Tuesday 17 July 2007

Auschwitz.

It is easy to delay well-formed plans in Krakow; even easier when you stay at the Ars Hostel, where every day a new adventure is advertised, and every night lasts until sunrise. Once I delayed my pilgrimage for reasons pertaining to a rather awful hangover; another for a trip to the mountains. But yesterday I completed my pilgrimage, and went to Auschwitz.

Many people have said many things about Auschwitz, and I won't repeat them. I will say that everyone - not just people of Jewish heritage, but everyone - should visit Auschwitz once in their lives. It was a haunting moment to walk through those famous gates, underneath the Orwellian Arbeit Macht Frei. The gates are smaller than I imagined, but more than anything, they were just there.

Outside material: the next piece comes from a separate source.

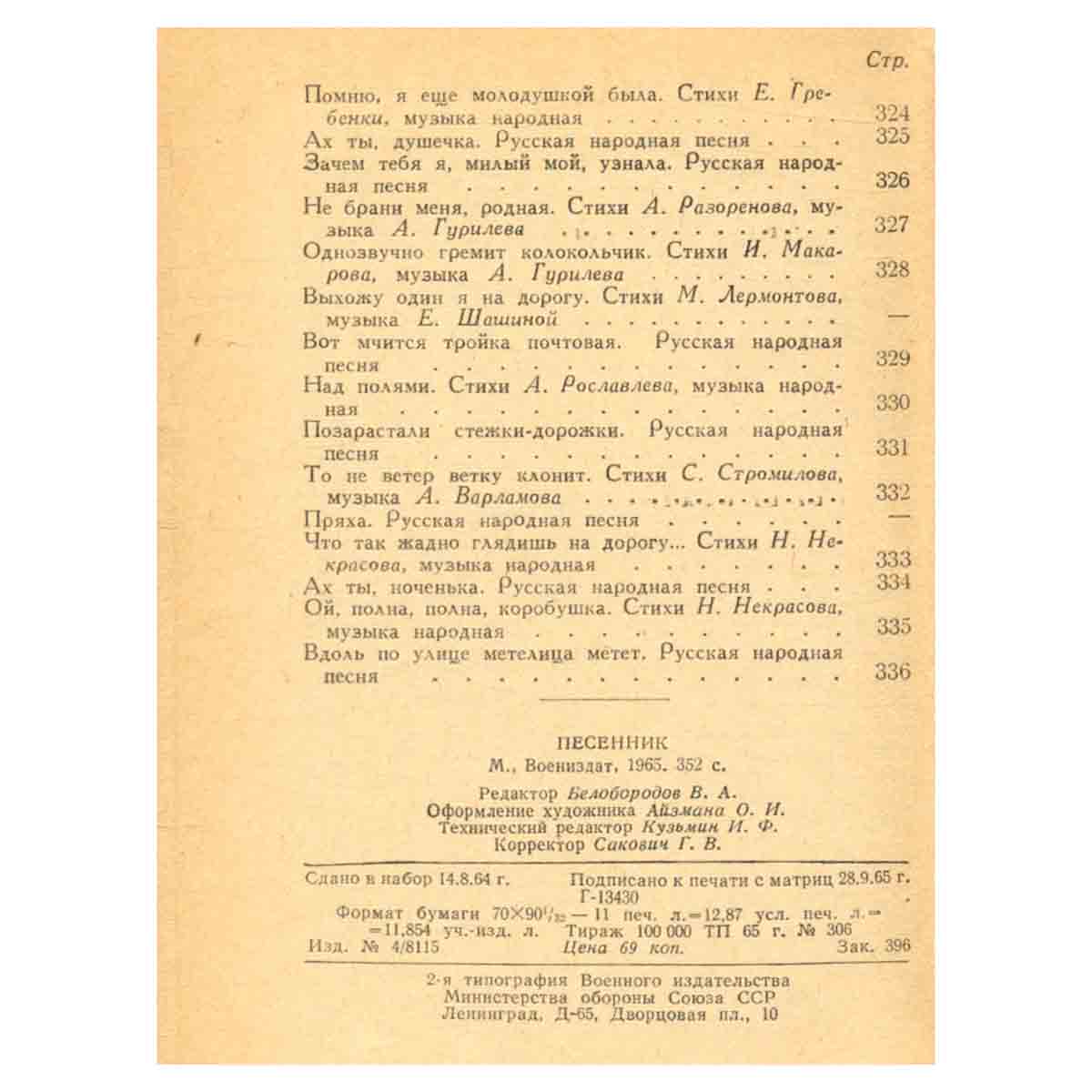 Песенник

A few things that I did notice, though:

1. The first thing I saw as I walked off the bus was a hot dog stand. Then, inside the Auschwitz museum, you can go to the cafe and eat hamburgers. Alright, this isn't an exclusively Jewish pilgrimage, but really?

2. I appreciate that it got to 38 degrees celcius yesterday, but is it really appropriate to visit a death camp in a skimpy, cleavage-revealing midriff top and short shorts?

3. Did it add to or detract from the experience that our tour guide was a stern, expressionless woman with a stern, monotonous voice repeating rehearsed phrases in a thick Polish accent, as though she got her position through her experience as an SS guard in World War II?

In any case, everyone reading this should at least consider going to Auschwitz.



(After Auschwitz, I took my Proust-reading companion and showed him the Jazz Rock Cafe. Fortunately for both of us, I didn't see anyobdy there that I recognised from the night before. It was incredibly busy for a Monday night, even at 2am, and the music last night was far better (Beck! Massive Attack!). Will taught me to say hello in Polish, and I brazenly got him to bet me that I wouldn't say that exact hello to the cold-faced, but quite amazingly attractive black-clad girl dancing by the bar. He was far too infatuated to do so himself, even despite it being his last night in Poland. Well, he now owes me a beer in Prague.)

1 comment:

Anonymous said...

To cover your thoughts in order:

1. This is a bit of a far-out concept in our modern service-based consumer world, but I don't think there should be any kind of food vending going on at Auschwitz. You can go hungry for an hour or two. Visit the site, live that experience, and eat when you get home.

2. I don't care if it's 50 C. There are some rules of dress that are appropriate for certain specialised circumstances and some that are clearly not.

3. I can just imagine how that woman got the job. "Well, we needed a tour guide, and she was amazingly familiar with the layout of the camp..."

I think my mum went to Auschwitz (it was either Auschwitz and Dachau, or just the latter)and she said there was an indescribable aura about the place. I salute your resolution in going there; I can't imagine it was easy.